(Beginning of Records for the exercise)

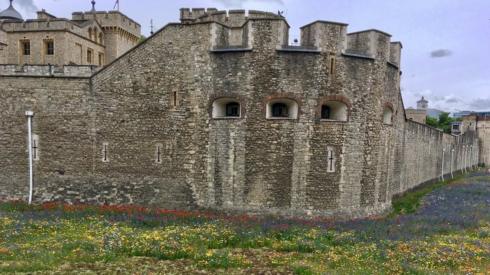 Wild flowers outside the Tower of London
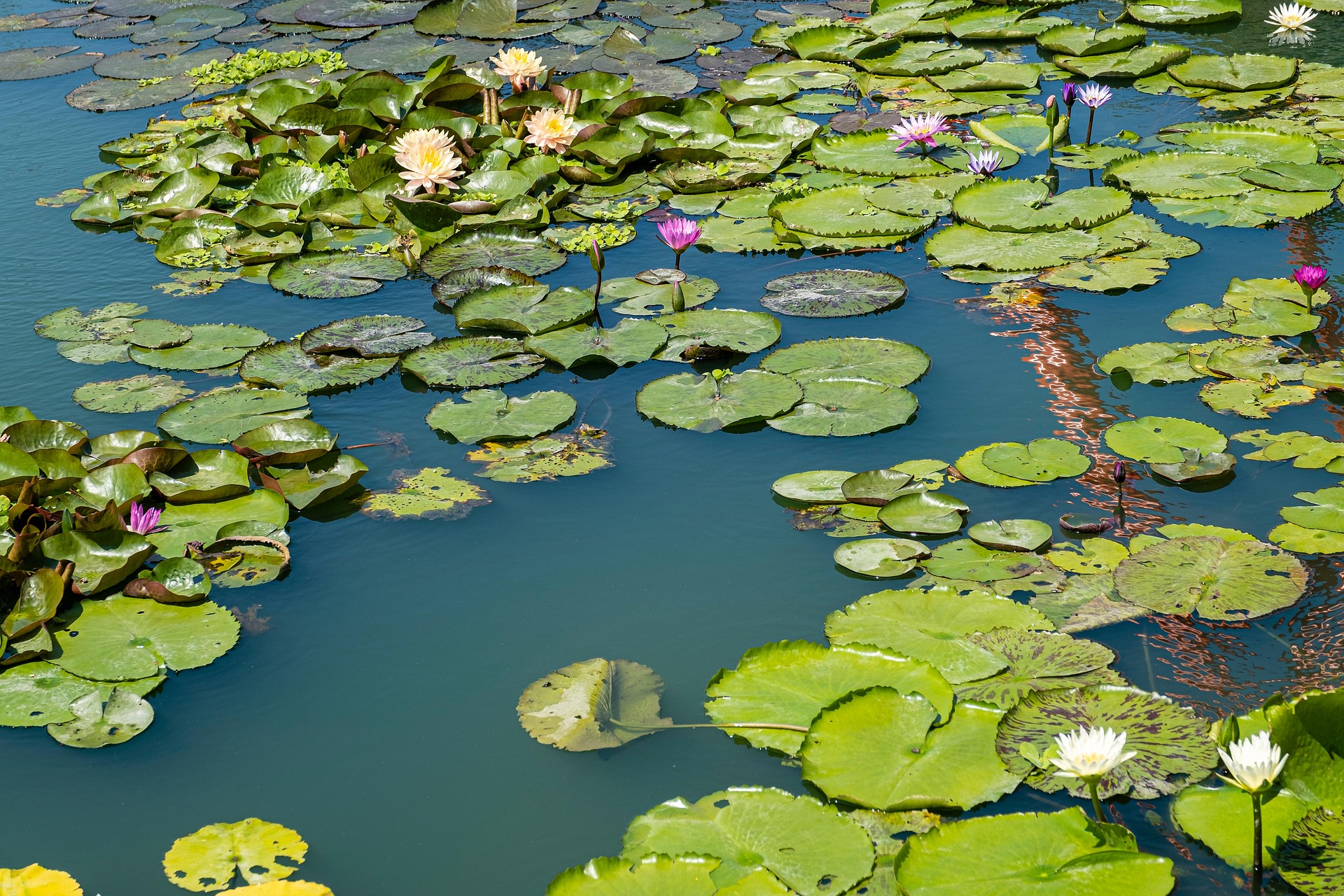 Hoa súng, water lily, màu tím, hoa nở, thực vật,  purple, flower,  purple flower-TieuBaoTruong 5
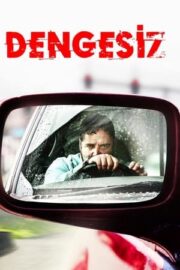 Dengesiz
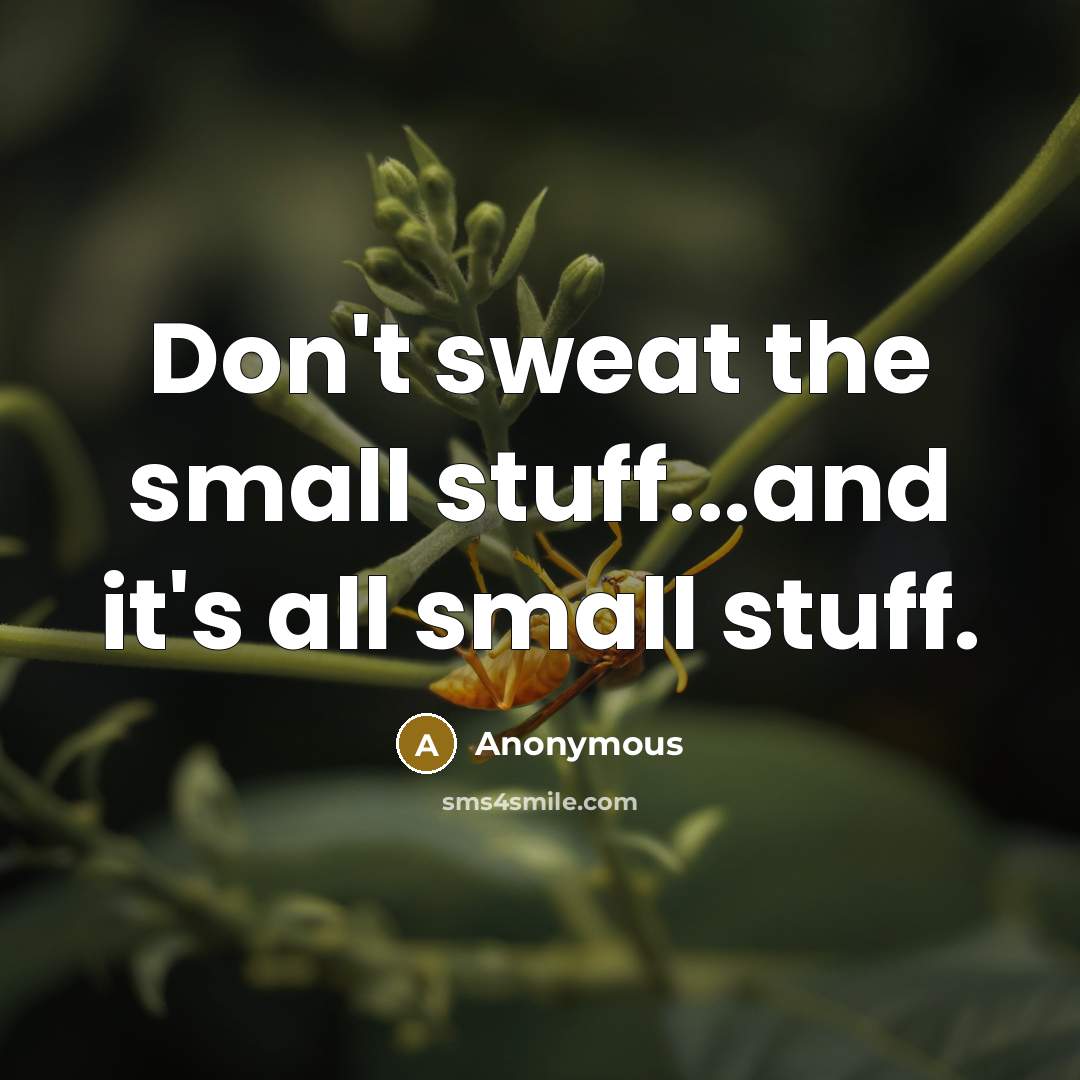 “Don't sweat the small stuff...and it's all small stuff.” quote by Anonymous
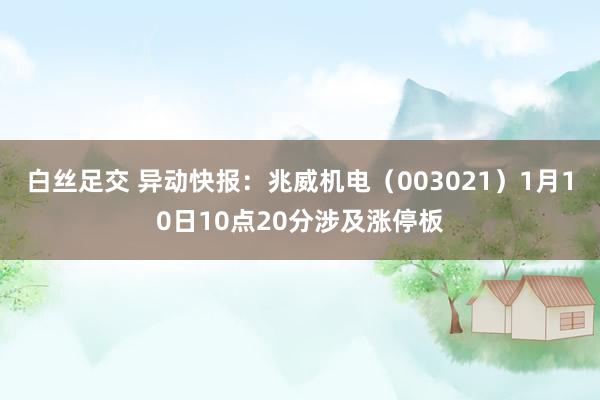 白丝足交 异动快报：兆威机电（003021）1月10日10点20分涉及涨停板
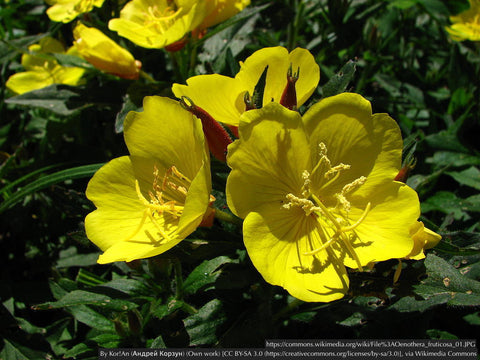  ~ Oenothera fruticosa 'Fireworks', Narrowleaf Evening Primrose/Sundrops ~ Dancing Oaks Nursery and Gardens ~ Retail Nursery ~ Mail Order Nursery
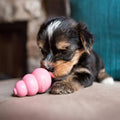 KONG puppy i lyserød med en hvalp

(End of Records for the exercise)
(Beginning of Records for the exercise)

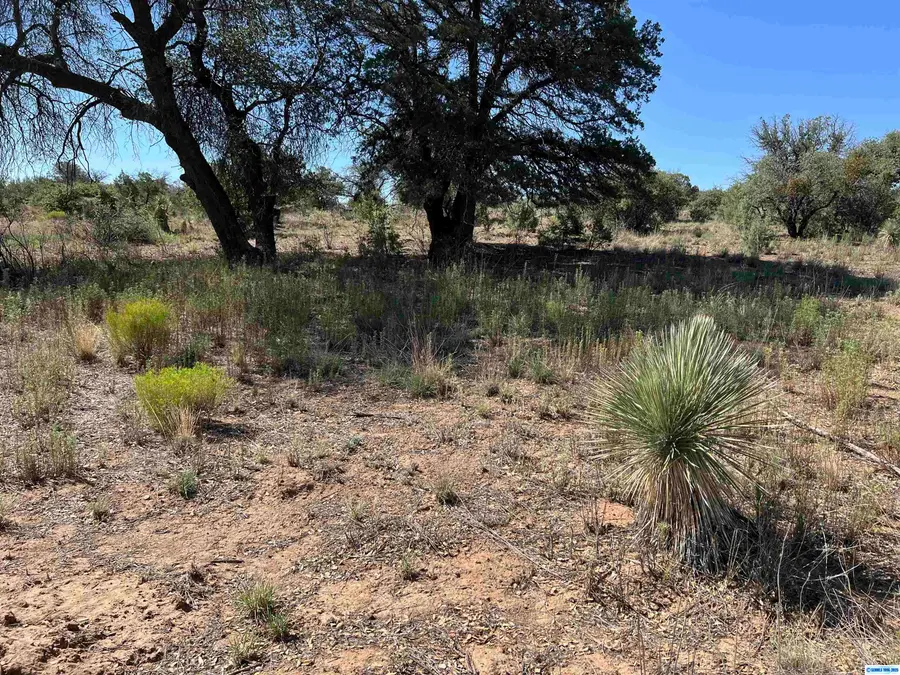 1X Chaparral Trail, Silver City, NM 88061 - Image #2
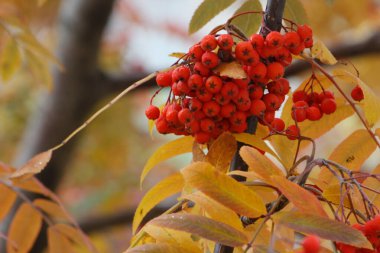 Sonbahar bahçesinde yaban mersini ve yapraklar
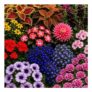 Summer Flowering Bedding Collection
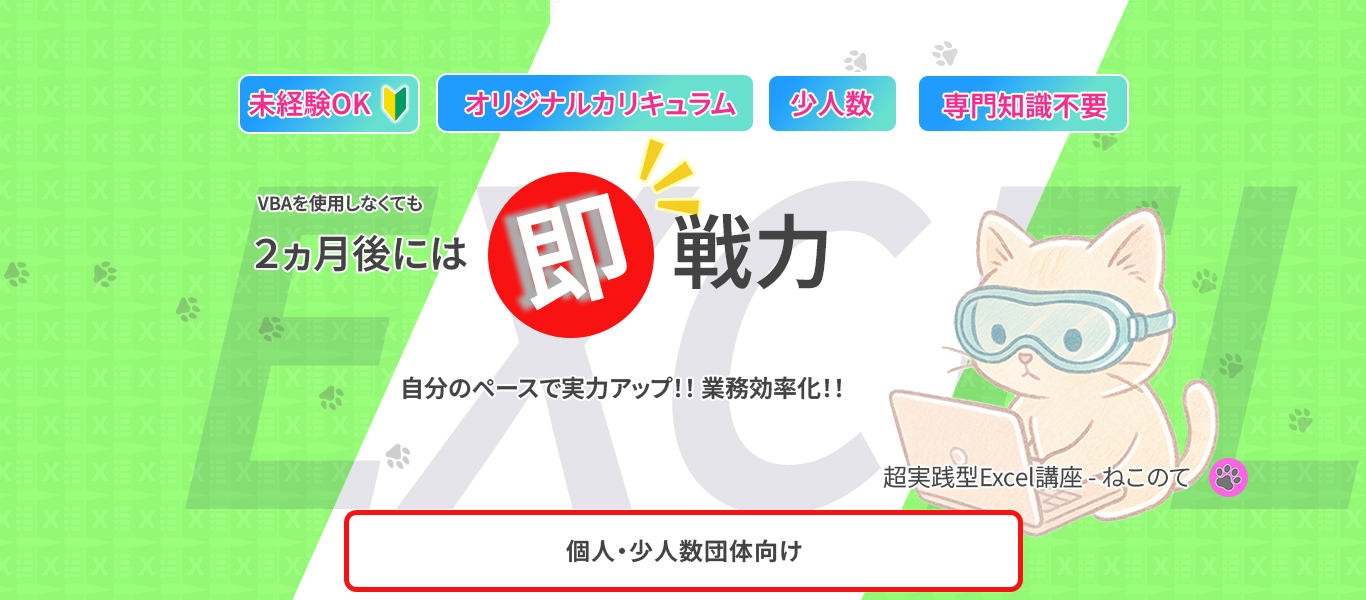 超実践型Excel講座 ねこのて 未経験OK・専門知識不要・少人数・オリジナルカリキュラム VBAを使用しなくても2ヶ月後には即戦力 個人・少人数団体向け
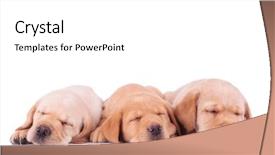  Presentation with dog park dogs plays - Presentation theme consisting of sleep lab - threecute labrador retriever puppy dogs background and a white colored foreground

(End of Records for the exercise)
(Beginning of Records for the exercise)

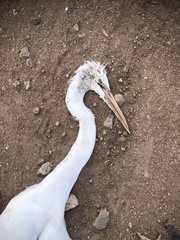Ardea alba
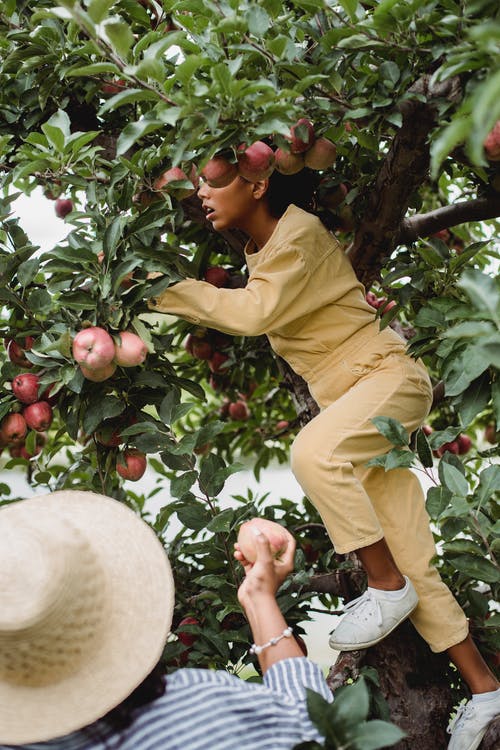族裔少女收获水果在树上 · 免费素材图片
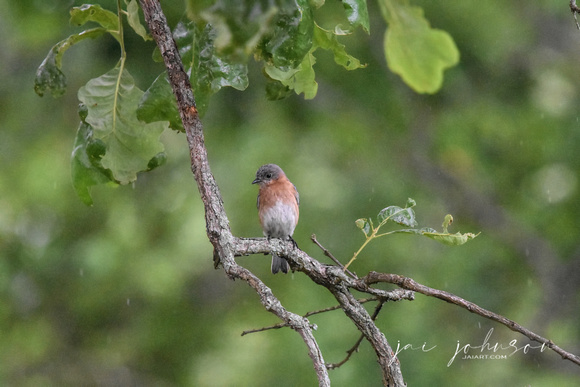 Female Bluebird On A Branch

(End of Records for the exercise)

■ Try it ■
Above this task is a listing with pictures in it. Retype only the lines from the one containing "族裔少女收获水果在树上 · 免费素材图片" through the one containing "Female Bluebird On A Branch", both included, and not the pictures.

■ Answer ■
族裔少女收获水果在树上 · 免费素材图片
 Female Bluebird On A Branch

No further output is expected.